What you will do
Return the data exactly, with all pictures removed.

Short descriptive text snippets:

--------------------

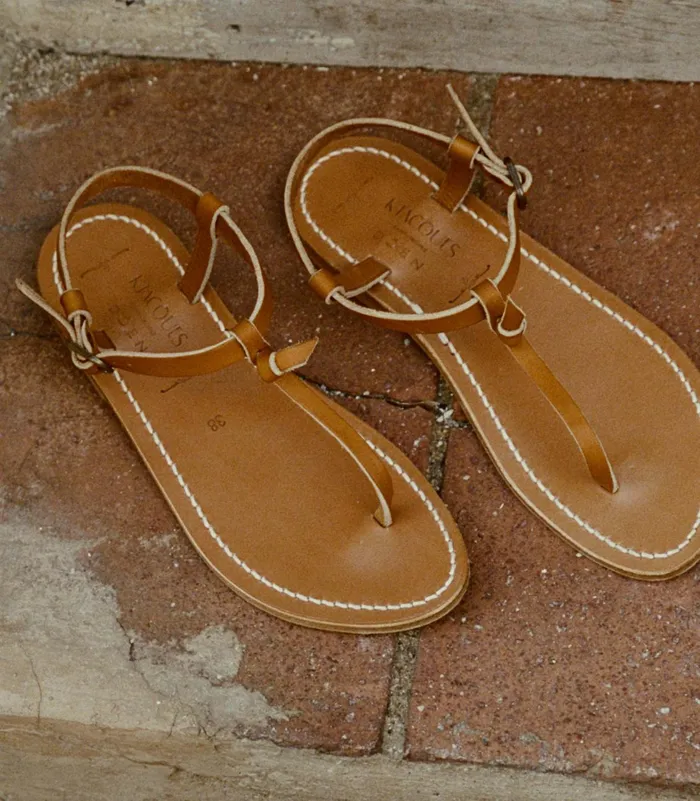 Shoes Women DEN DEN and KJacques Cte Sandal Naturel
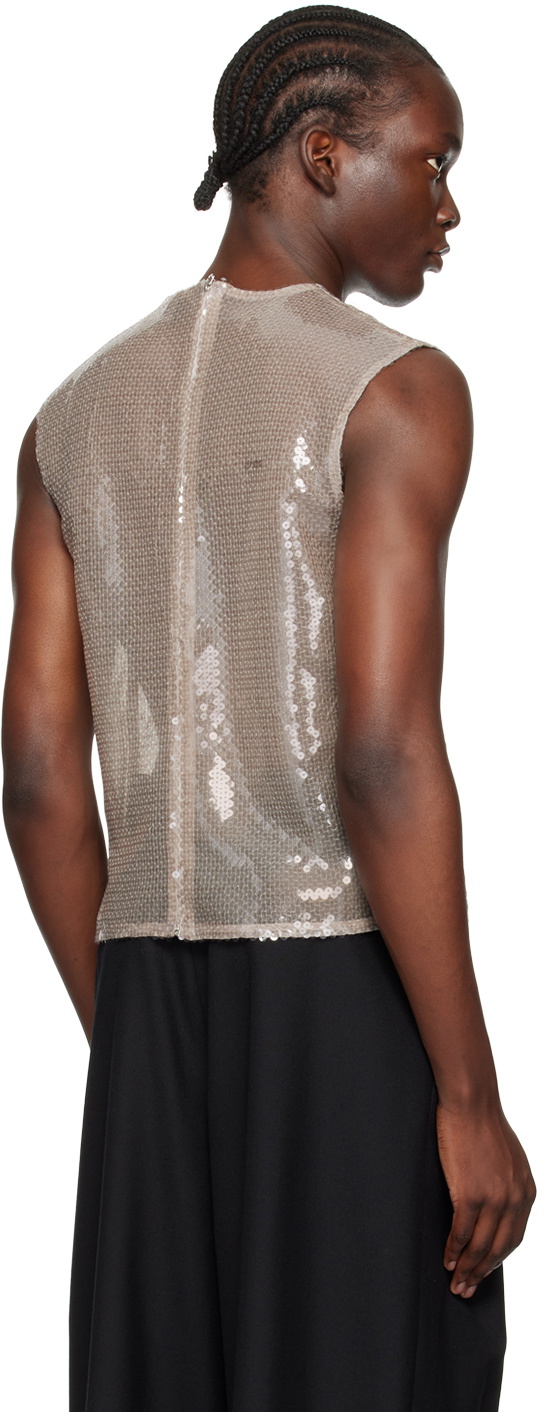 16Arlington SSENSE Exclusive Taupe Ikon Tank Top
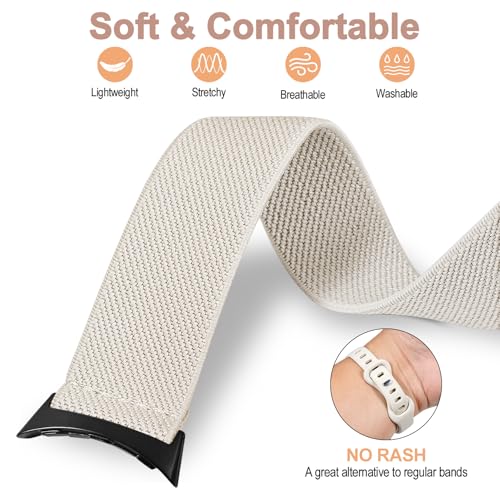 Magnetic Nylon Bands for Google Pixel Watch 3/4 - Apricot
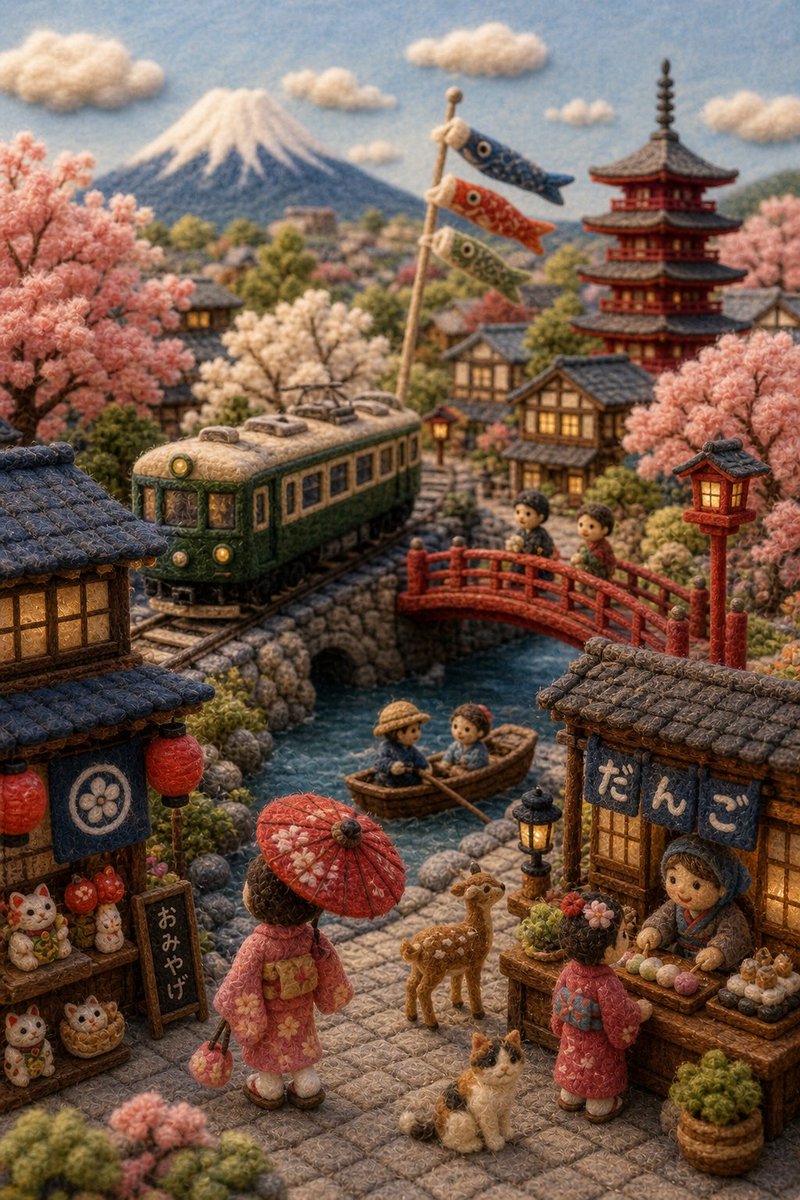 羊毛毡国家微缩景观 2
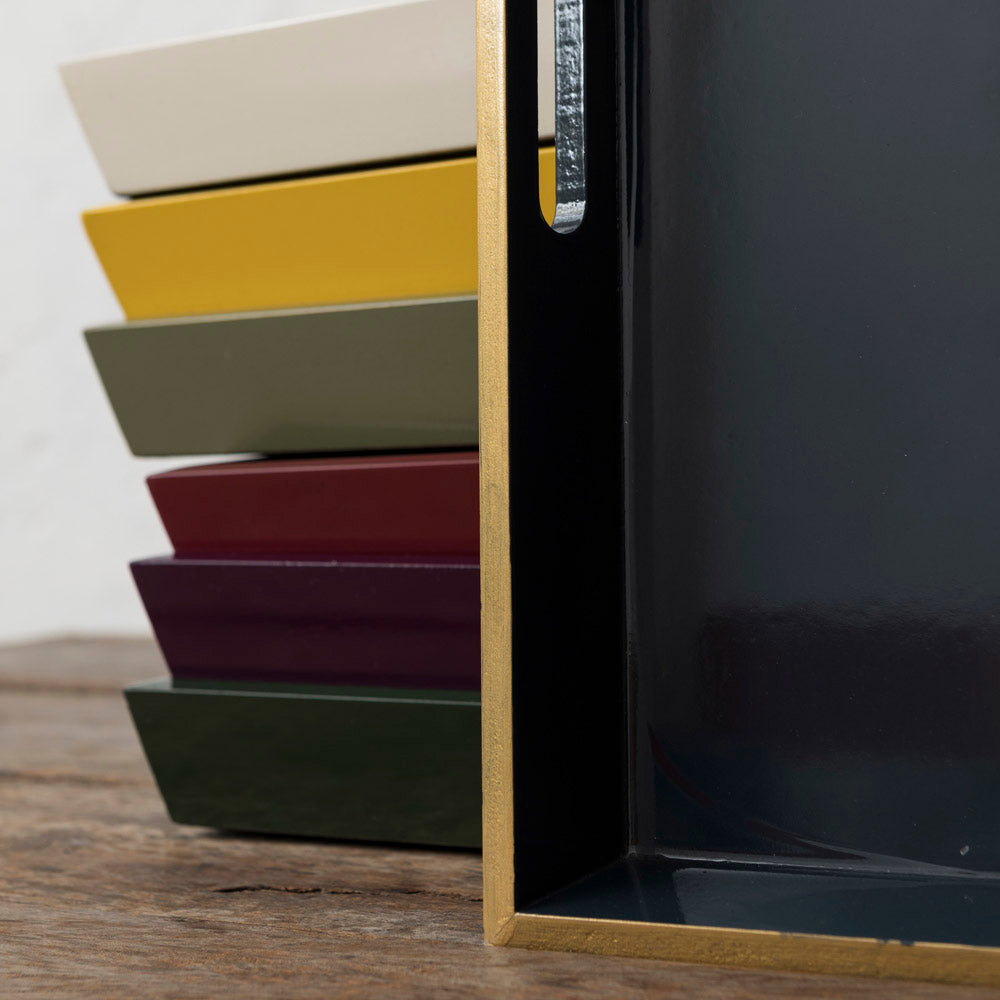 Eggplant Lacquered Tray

--------------------

Output below
 Shoes Women DEN DEN and KJacques Cte Sandal Naturel
 16Arlington SSENSE Exclusive Taupe Ikon Tank Top
 Magnetic Nylon Bands for Google Pixel Watch 3/4 - Apricot
 羊毛毡国家微缩景观 2
 Eggplant Lacquered Tray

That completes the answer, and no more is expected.